The crazy leaders I mentioned are no longer with the university but they left a lasting legacy for the institution. They are my gurus who made crazy things happen. The university is flying high now and the business school is in the world’s top 200. Many may have forgotten them but they are the game changers. I learned the same story from the former VC of Universiti Malaya, Tan Sri Gauth Jasmon. Without him forcing the change more than a decade ago and the strong support he received from the Ministry of Higher Education, UM may not be one of the world’s best now.
The same goes for the National University of Singapore. The university management made a bold, controversial move in the early 1980s that caused a big uproar but NUS is now one of the world’s top 20 universities today. Transformational leadership is about doing the right thing and pushing for crazy ideas that work. Crazy leaders aim high and they pull the trigger.
To make or break? The choice is ours!
Relevant Matters
When I was promoted to Deputy VC for Research and Innovation, we produced a roadmap called RICE (Research, Innovation, Commercialisation, and Entrepreneurship). The mantra is for our university to become Relevant, Referred and Respected. I remember two researchers presented crazy ideas that were rejected previously but seemed workable to me. We set up two laboratories, a Chemistry and Hi-Tech labs. What do science and technology have to do with a management university? many asked.
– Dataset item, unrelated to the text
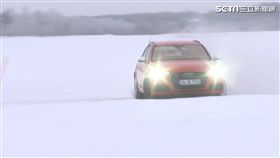 冰上駕駛
(圖／新聞台拍攝)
The Chemistry lab has since produced 37 Intellectual Properties, commercialised five products, guided many local SMEs to grow, and helped the university to be one of the best. However, the owner of the Hi-Tech lab left after I left the university due to the lack of support. It’s a pity as she was working on Hi-Tech research in collaboration with top researchers from the Massachusetts Institute of Technology and Oxford University.
I had another opportunity to push for a big transformation agenda when appointed as the VC of another public university. It was another tough journey but nothing is impossible. We pushed for experiential learning and established living labs to make us relevant and our graduates employable. In less than three years, together as a team that believed in the same vision and mission, we transformed the university from the bottom-ranked into one of the best in the country.
Conclusion
I believe the world needs more leaders with disruptive ideas to lead a major breakthrough. Those leaders who are ready to work beyond their self-interest to identify change, create a vision to guide and push for the change agenda through influence, inspiration, and execution of the change. They are crazy but committed leaders who work hard to motivate, inspire and bring people on board to work on disruptive ideas that will bring major impacts not only to the organisation they lead but also to the environment and the society.
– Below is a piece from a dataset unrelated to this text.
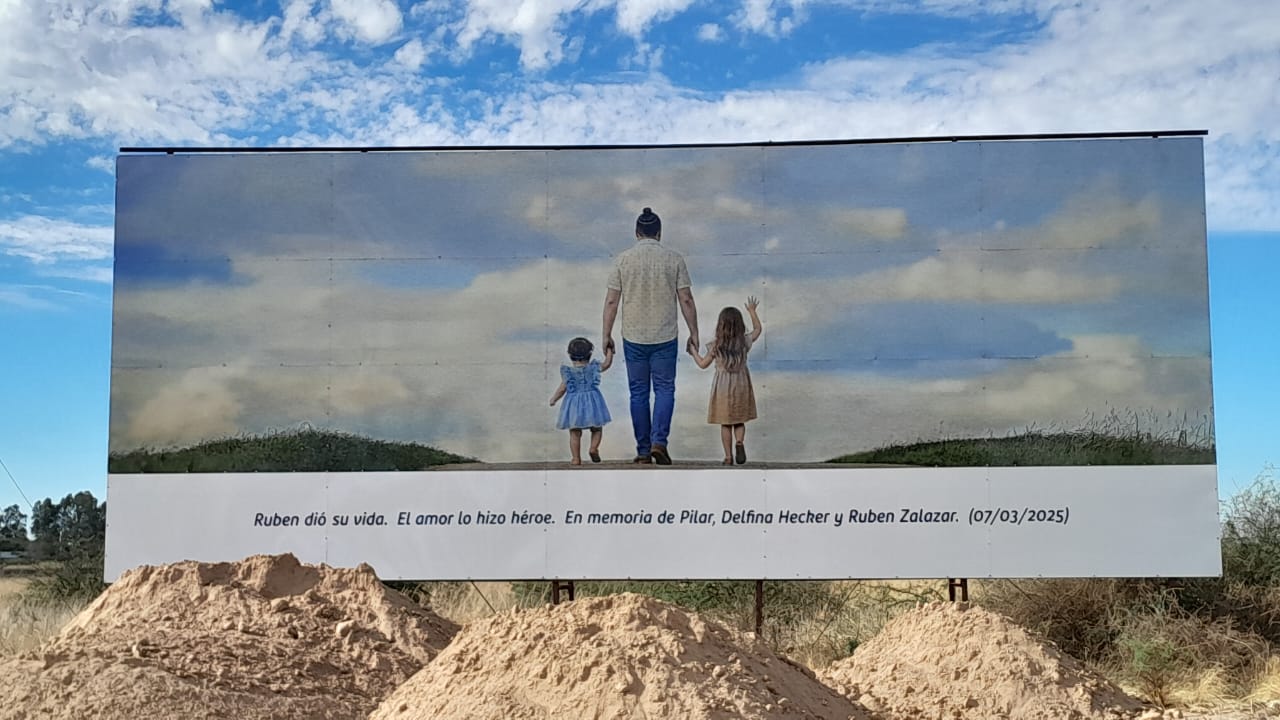 Emotivo mural en recuerdo de Rubén Zalazar, el hombre que intentó salvar a las hermanas Hecker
Some may think they are crazy and the mediocre ones will hate them for disrupting their normal lives. Instead of confronting them, they ‘hug’ their haters. Transformational leaders are different from normal leaders. They are crazy, stubborn, rebellious, and risk takers but they are also intelligent and confident (yet humble), and importantly they are able to inspire their followers to believe in the impossible. They set the example by working harder than their followers. In a nutshell, they are special leaders who walk the talk!